Every picture is to be removed, and all the data is to be copied exactly.

——————

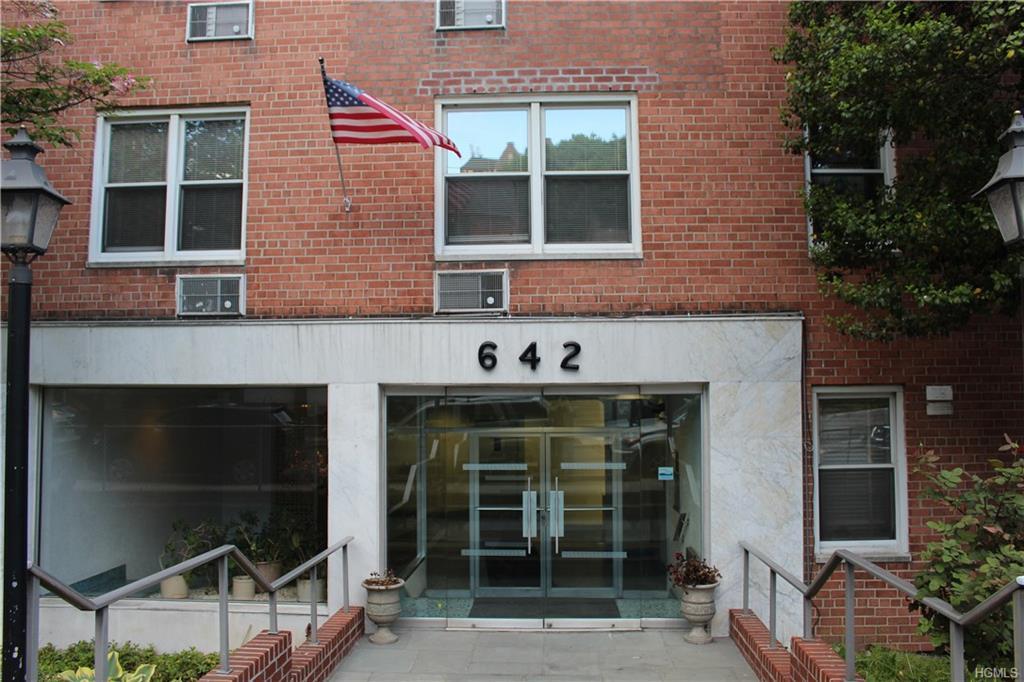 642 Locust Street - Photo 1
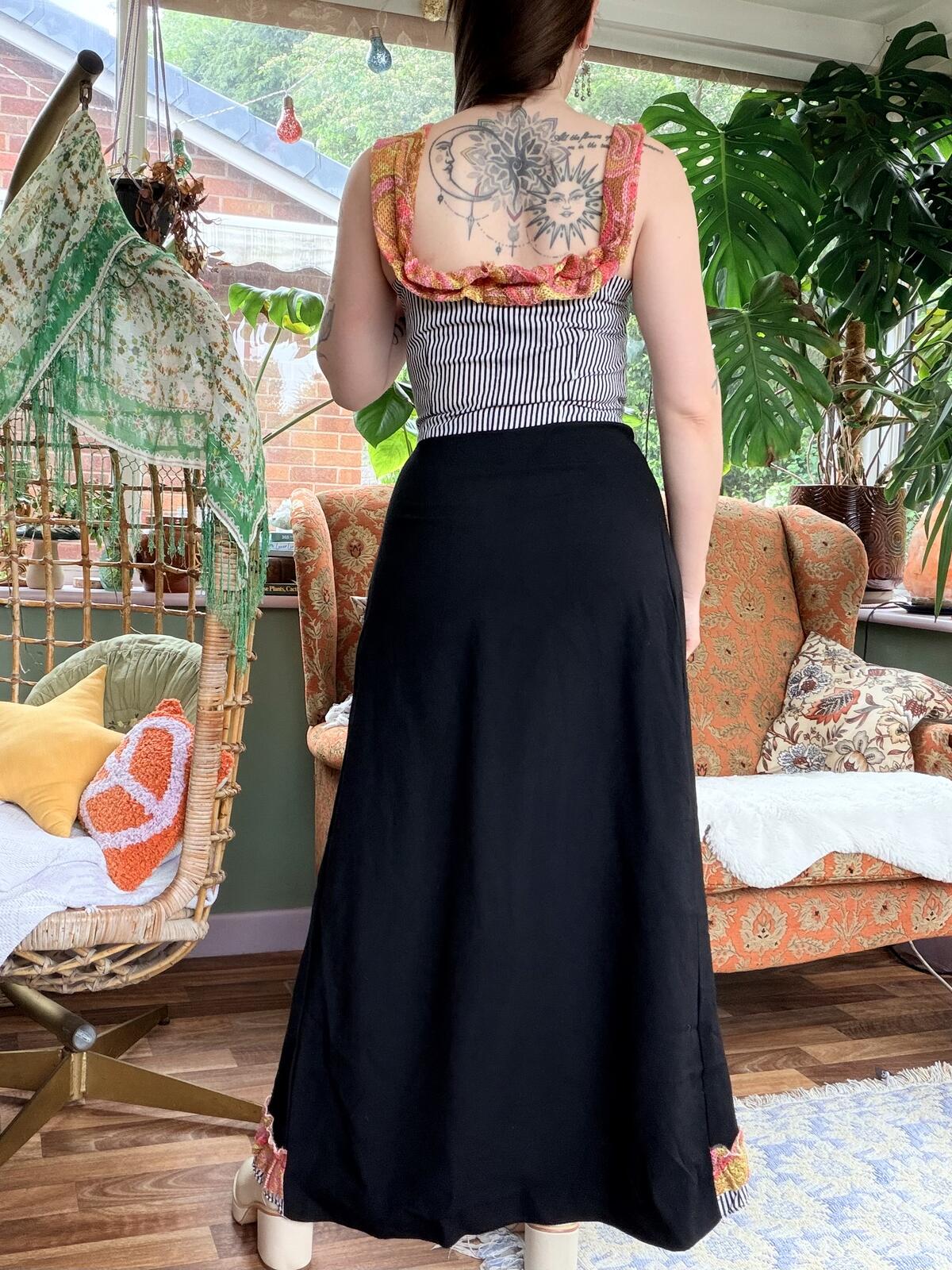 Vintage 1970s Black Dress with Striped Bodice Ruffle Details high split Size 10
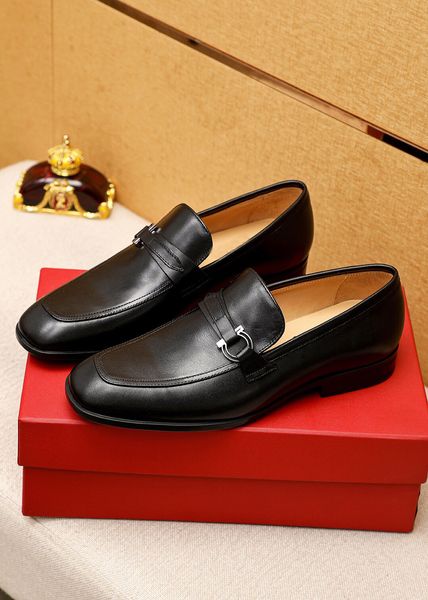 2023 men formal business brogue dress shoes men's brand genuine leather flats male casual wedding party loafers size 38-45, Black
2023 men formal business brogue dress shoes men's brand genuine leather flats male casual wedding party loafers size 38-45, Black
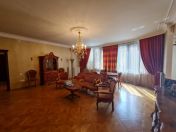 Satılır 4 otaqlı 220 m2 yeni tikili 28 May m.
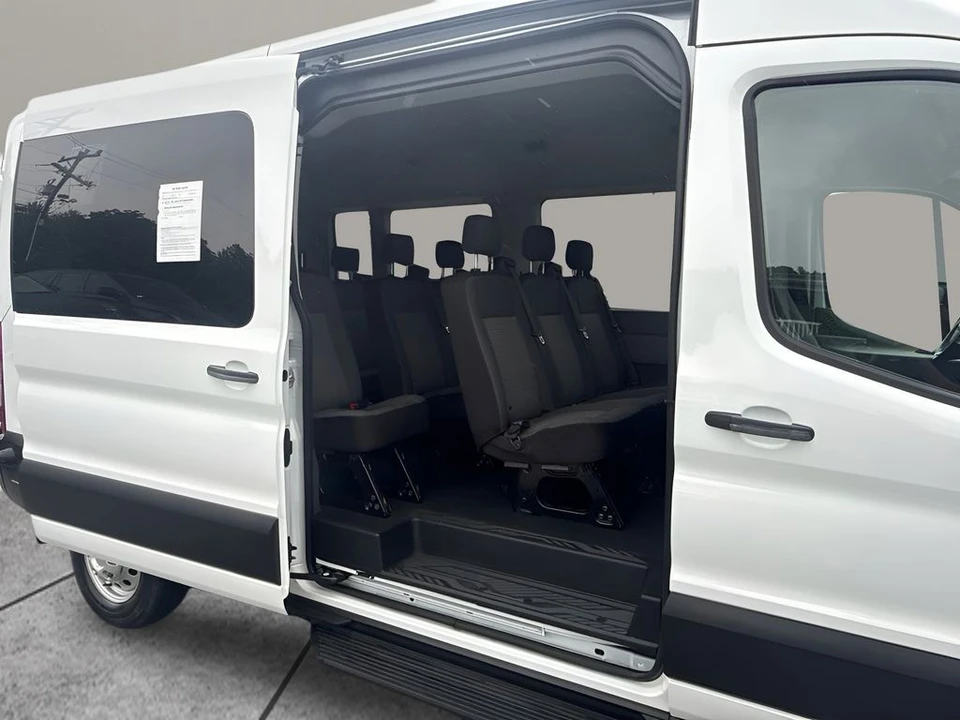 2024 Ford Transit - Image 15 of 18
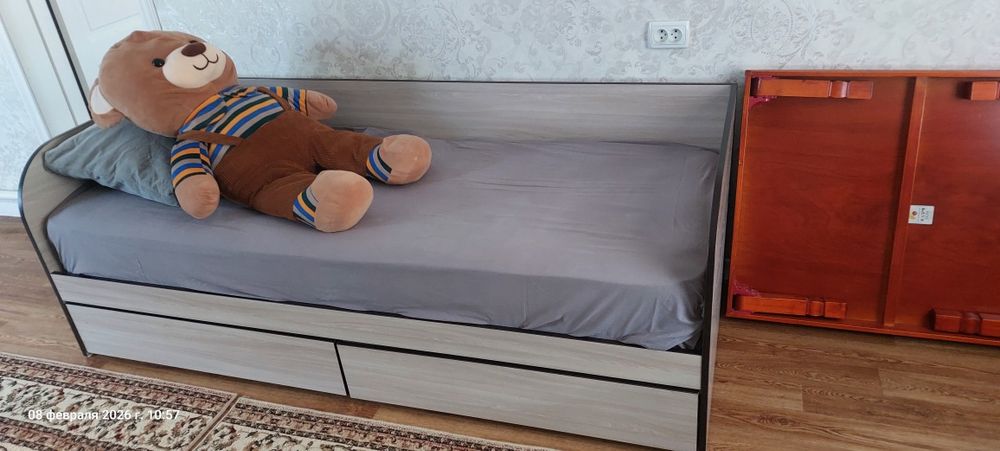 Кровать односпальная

——————

Answer to this problem:
 642 Locust Street - Photo 1
 Vintage 1970s Black Dress with Striped Bodice Ruffle Details high split Size 10
 2023 men formal business brogue dress shoes men's brand genuine leather flats male casual wedding party loafers size 38-45, Black
2023 men formal business brogue dress shoes men's brand genuine leather flats male casual wedding party loafers size 38-45, Black
 Satılır 4 otaqlı 220 m2 yeni tikili 28 May m.
 2024 Ford Transit - Image 15 of 18
 Кровать односпальная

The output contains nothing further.